STEP 3: Make ideas that solve user problems
What: Create several concepts that address the defined problem
Why: Considering several directions allows for testing and learning
How it helps: Conceiving several (informed) ideas allows us to test to find the best.
This is the easy/hard part. It’s the time to revisit all the half ideas, sparks and lost-in-thought concepts, and hammer them into something that addresses the problem/s. A sign of doing stages 1 and 2 thoroughly is when you have to throw out the very first idea you had. This means that you’ve empathised, and changed how you’re thinking about the user. Be brutal in the pursuit of the user’s best interest, champion it with each concept. You’re their only hope.
STEP 4: Bring your ideas to life… quickly.

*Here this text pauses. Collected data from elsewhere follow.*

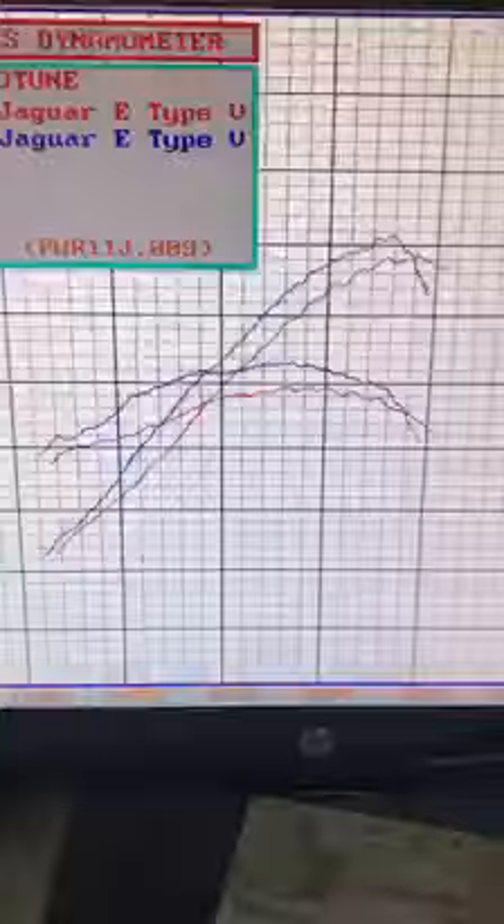Otherwise this is a stock standard car apart from a 6-speed transmission. But that is the performance gain — back to back, no other mods, no tuning, no adjustments to anything.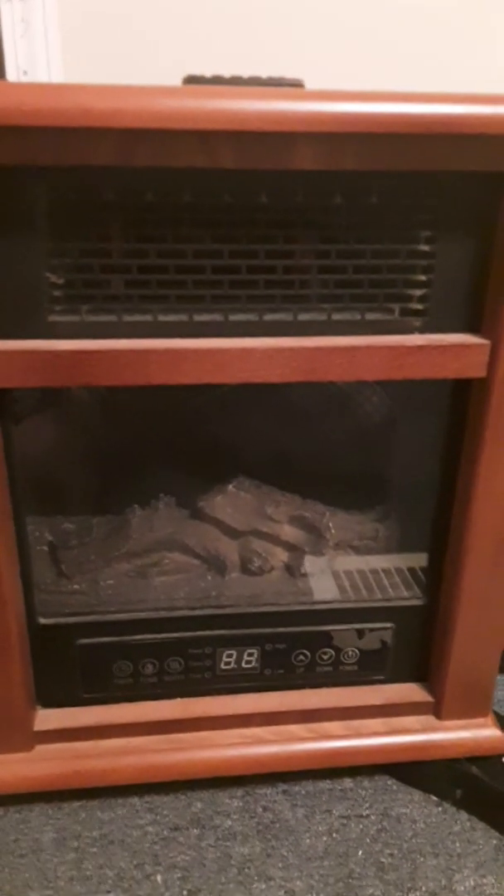Alright guys, I lost the remote to this thing, but I'm going to do this — it's about a year, two years old. Now this is a Delta heater. I'm going to try to find the research and put it in a listing tomorrow. For right now, I'll put this as a Delta fireplace heater.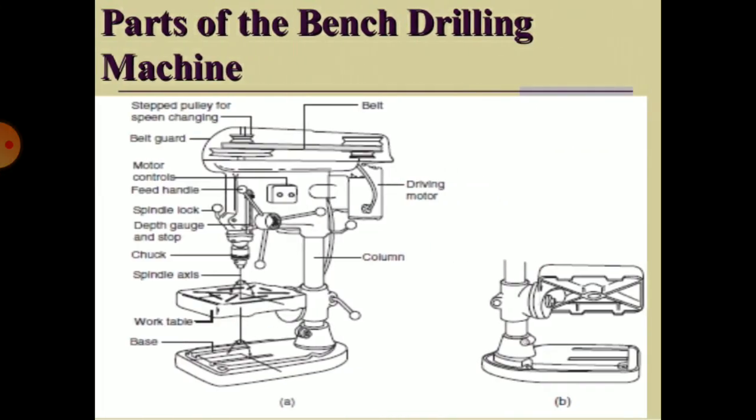Parts of the bench drilling machine are: step pulley for speed changing, belt, driving motor, column, belt guard, motor controls, feed handle, spindle lock, depth gauge, chuck, spindle axis, work table, and base. These are the important parts of a bench drilling machine.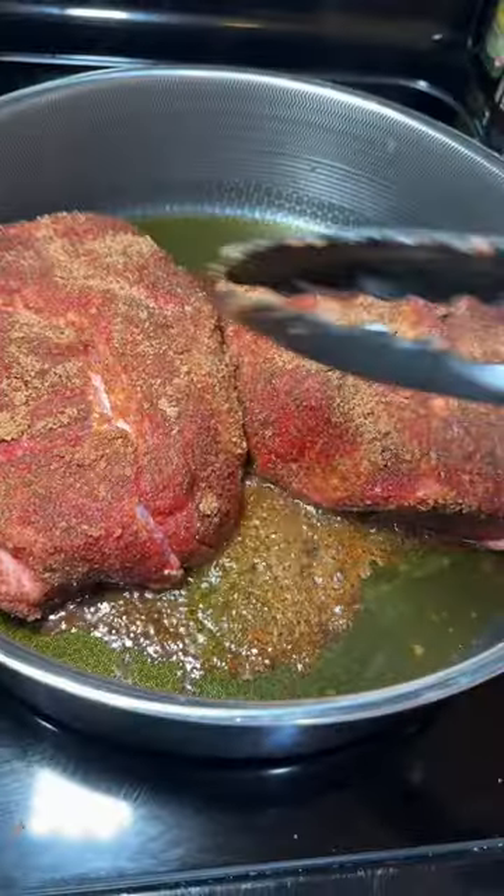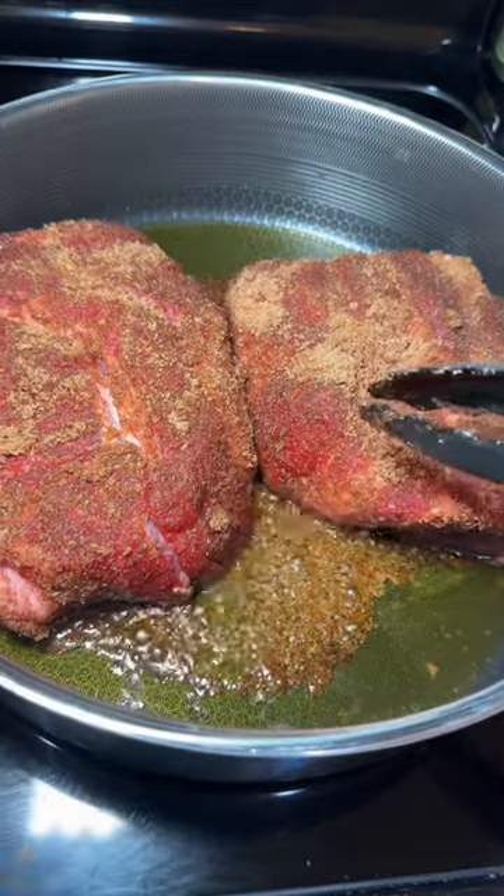Let's take it to the stove and sear it to the god, in a little bit of olive oil. Listen for the sizzle. If you think it's time to flip it and it's stuck at the bottom, leave it the hell alone — it's not ready. It'll unstick itself when it is. Make sure you flip it around and sear all sides.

What: Knock your ideas into working examples
Why: Testing several ideas against our idea of success gives us a good view on what works
How it helps: Multiple attempts at the solution mean we learn faster
Pick the best ideas, and make a prototype. You should have a few. A ‘prototype’ should be detailed enough to succeed, and nothing more. This is not a last ditch attempt, it’s not HD product video spec. We’re going to throw a few things up, keep what works, remove what doesn’t. Perfect is the enemy of done, and the arch-nemesis of solving a problem. So pick your favourites, knock something together, and get it out.
STEP 5: Test and assess
What: Put your ideas to the test in the real world, or real world conditions
Why: No more guessing or assuming or hoping – this way we’ll know for sure
How it helps: Definite confirmation or denial of efficacy is how we’ll improve next time.

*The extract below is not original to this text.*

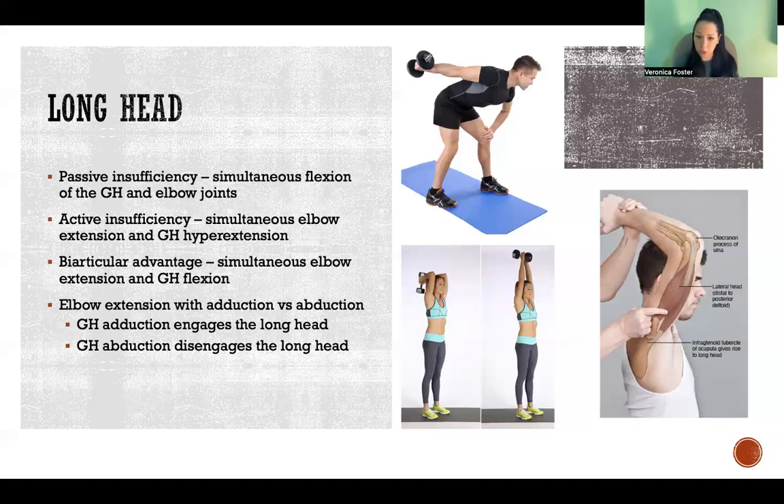Biarticular muscles are also advantageous depending on the position of the joints. The nice thing about biarticular muscles is that the muscle can shorten at one joint and lengthen at the other, and when they do that, the muscle is able to maintain a consistent length, which is optimal for force production. The more we can maintain a consistent length, the greater and more consistent the force will be throughout the movement. For the long head of the tricep, we have that biarticular advantage when the elbow is extended and the glenohumeral joint is flexed at the same time.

Test with real users, in real situations, in real time. This could be product testing with a sample group or it could be a campaign delivered to a small audience. Approach the results with an open mind. Your ideas will… kinda work. If they fail completely, you messed up the first step. If they nail it the first time, that’s kinda suspicious. Design Thinking recognises solving problems is hard, especially when the problems keep changing. To expect to solve it the first go is a bit much. We end this stage with important first-hand learnings to cycle through the process again. When do you get to disembark from this merry-go-round of constant improvement? That’s up to you – you’ll know it when you see it.
So, Design Thinking isn’t just for designers. It’s for anyone that wants to actually solve a problem, by beginning with the end user. It is a process that manifests ‘creativity’, ‘innovation’, ‘out of the box thinking’. If what you need is a bolt from the blue, Design Thinking is your lightning rod – and it comes in black.